Stent retrievers were not usually used for clot disruption in CVST patients in our institute. Although newer stent retrievers for acute ischemic stroke (AIS) have been developed for years, the use of newer devices for CVST did not significantly affect outcomes nor complete recanalization20. The diameter of a stent retriever for AIS is usually smaller than the horizontal diameter of the SSS at the level of the coronal suture (about 6 mm), and usually the more posterior the larger the diameter of the SSS26, which shows an obvious diameter discrepancy. The venous sinus channels to which cortical bridging veins connect also vary in sizes. During EMT with a stent retriever, the walls of the venous sinuses or bridging veins at the connection sites might get damaged or torn. In the authors’ opinion, a stent retriever is not the first choice for CVST when other inexpensive alternatives are handy.

Study limitations

This is a retrospective study. Due to the rarity of CVST, the endovascular treatment is reserved for CVST patients who are heparin non-responders in our institute. Hence, there is no randomization in this study. Some patients were referred from local or regional hospitals, so the time from onset to diagnosis of CVST might be affected.

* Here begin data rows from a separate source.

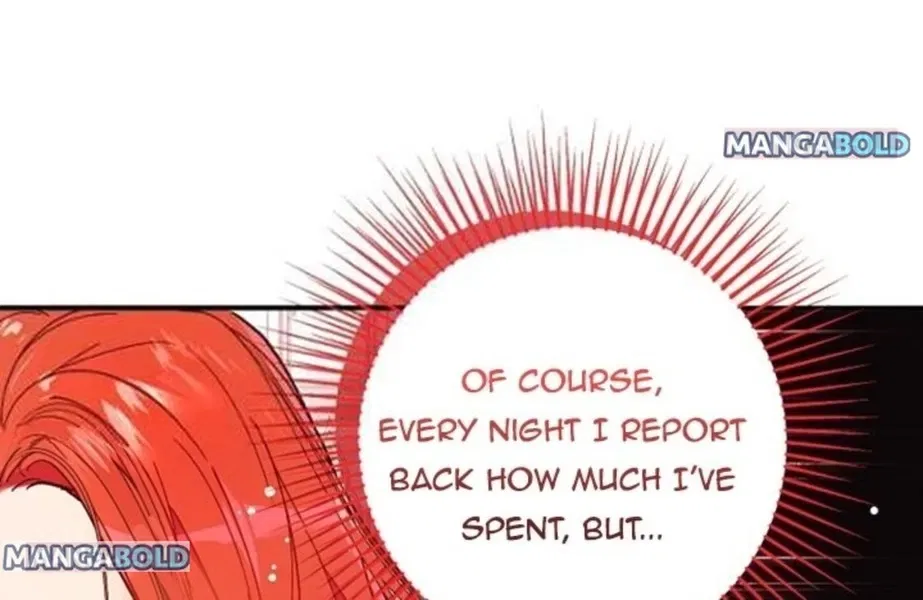I Didn’t Mean to Seduce the Male Lead Chapter 40 – Page 61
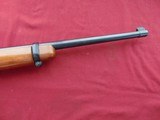 sale pending-- mark --RUGER NO.3 SINGLE SHOT CARBINE 22 HORNET - 5 of 19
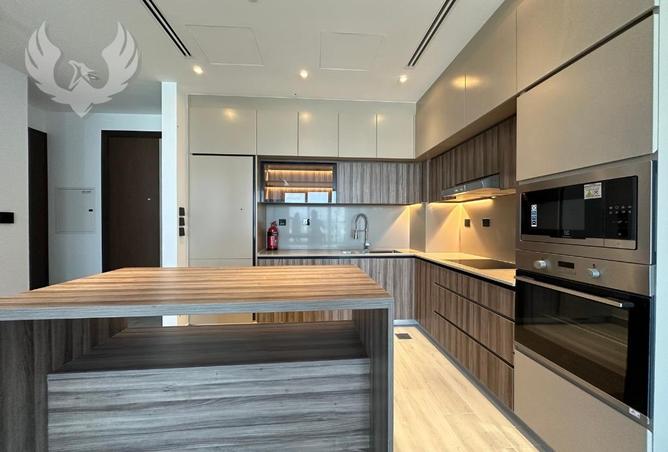 16290361 - صورة العقار 3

Although the length of thrombosis and the involvement of SSS were associated with poor outcomes, small patient size limited our ability to perform adjustment of confounding factors or further subgroup analysis (e.g. status of recanalization, CVST configurations, etc.) The proposed classification system for CVST configurations could be used in further studies to help clarify the effectiveness of treatment among different types. Despite the possible advantages of EMT and OCT, there is still no consensus on the type of thrombolytic drugs, dose, or admission rate (bolus injection/continuous infusion with a catheter) because of the lack of adequate numbers of studies in this area. It is a pity that the TO-ACT study12, an international, multicenter prospective, randomized, open-label, blinded endpoint trial, was terminated in advance. In this trial, there was no mandatory/standard protocol for the endovascular procedures and the usage of thrombolytic agents, which we considered a difficulty for statistical analysis. Multi-center collaborative works would still be needed for prospective, comparative, randomized trials to rigorously assess the outcomes of the endovascular treatment for CVST.

Conclusion

This study identified that the clot burden (>10 cm length) and its location (involving the SSS) were associated with poor outcomes. Combined endovascular mechanical thrombectomy and on-site chemical thrombolysis after heparin treatment for severe CVST were reasonably safe. Endovascular treatment might be considered as a salvage treatment in severe CVST patients who are unresponsive to heparin with heavy clot burden involving SSS in the acute phase. However, further studies are needed to confirm its efficacy and validity.